Fig 6: Relation b/w sampling at different frequencies & quantization error
Mono, Stereo and Surround Sound in Digital Audio
Mono (monophonic) sound is the system where all the sounds are combined and passed through a single channel. It uses only one channel while converting the signal into sound. Even if there are multiple speakers and sound is coming through different speakers, it gives an effect of sound coming from one speaker or single source.
Stereo (stereophonic) sound is the contrary of mono sound. It uses two independent channels (left & right) that give an effect of sounds coming from different directions depending on the speaker you send the signal to. It provides an illusional multi-dimensional audio feel to the listeners and uniform coverage to both left & right channels.

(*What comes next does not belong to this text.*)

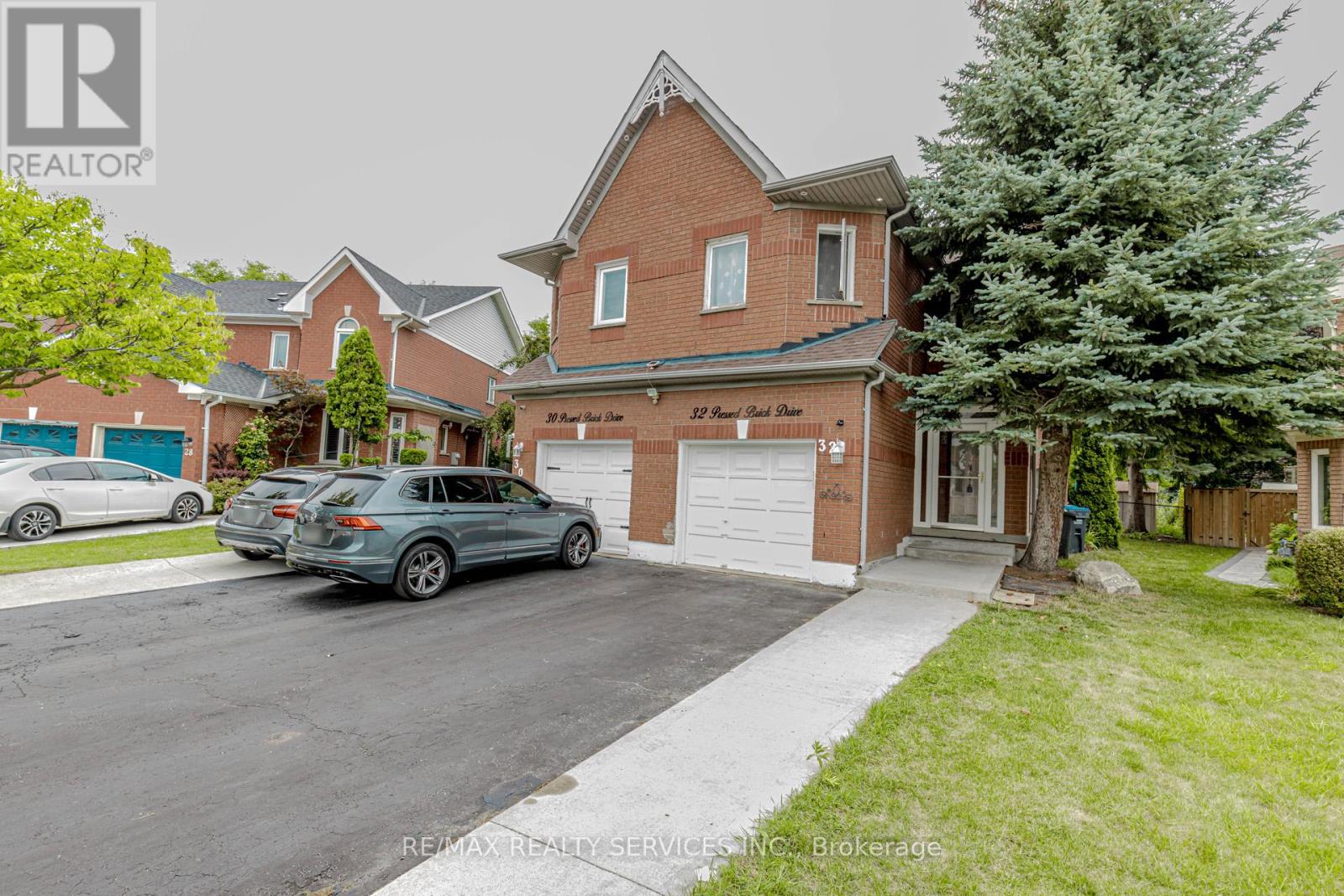 Photo 5 of 32 Pressed Brick Drive, Brampton ON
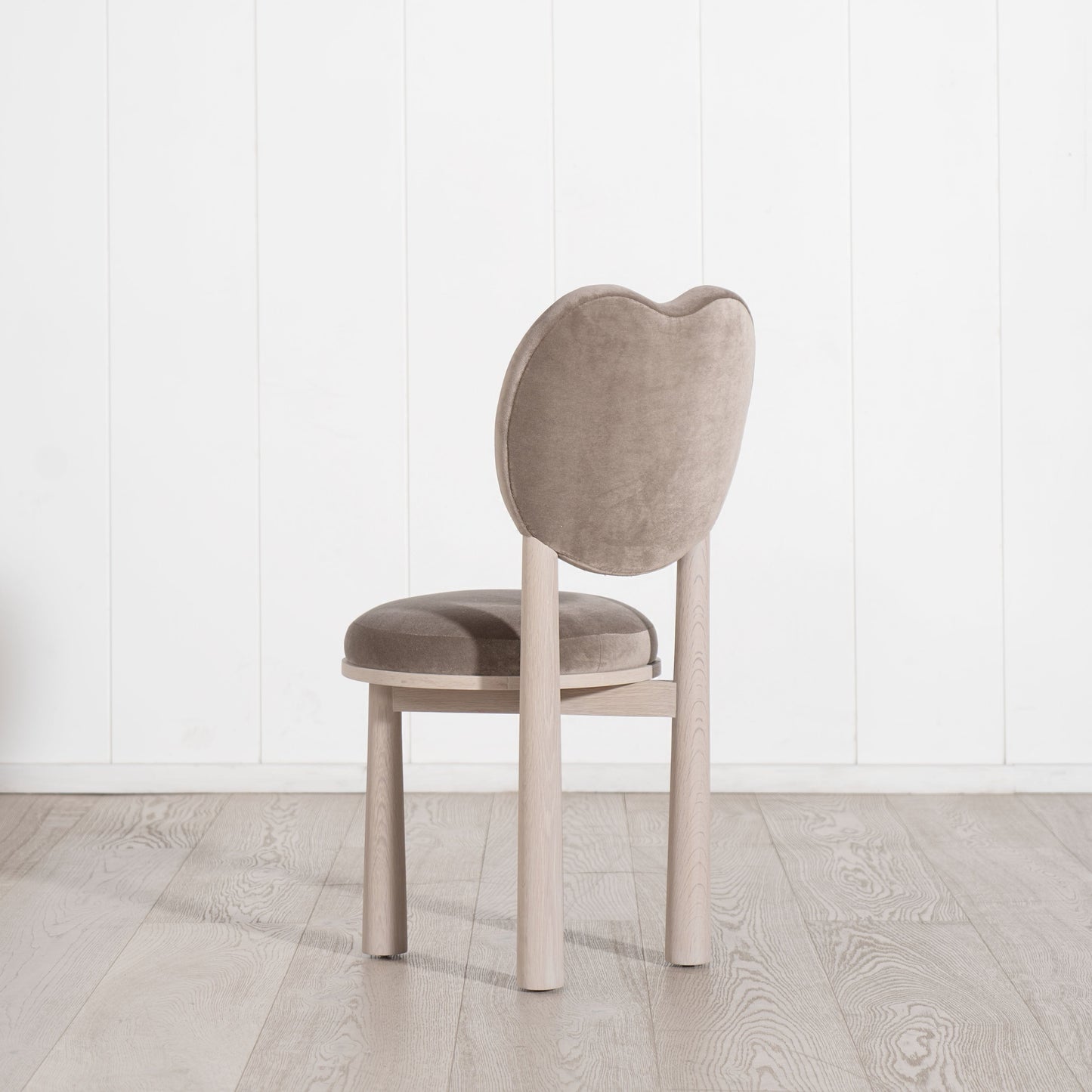 Chaise de salle à manger violette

Stereo sound has started replacing the mono sound due to better audio quality and more channels.
Surround sound enriches the fidelity of audio reproduction for listeners by using multiple channels. It makes audiences experience the sound coming from 3 or more directions. Apart from left, right, and center, surround sounds can be heard from front and back that provides the sensation of sound coming from all directions to the listeners. It is widely used in audio systems like home theater designed by Dolby & DTS available in 5.1 & 7.1 channels.
Digital audio converts analog signals into the discrete (binary) form where they can be stored and manipulated on a computer system. Digital audio systems are nowadays all around, be it phones, music systems, computers, home audio systems, conferencing devices, or any other smart devices. It brings many benefits beyond traditional recording and playing songs using analog music systems. Along with various personalization features, digital audio provides high-quality audio, reliability, more storage space, wireless connectivity, portability, and a truly immersive experience to the users.
Various new technologies are being introduced into it like 3D audio effects, surround sound, Dolby sound like Dolby Atmos, Dolby Digital, DTS: Virtual X to give a surreal experience to the listeners. Disruptive technologies like Artificial intelligence and machine learning are providing a more personalized experience to the users. The possibilities are endless!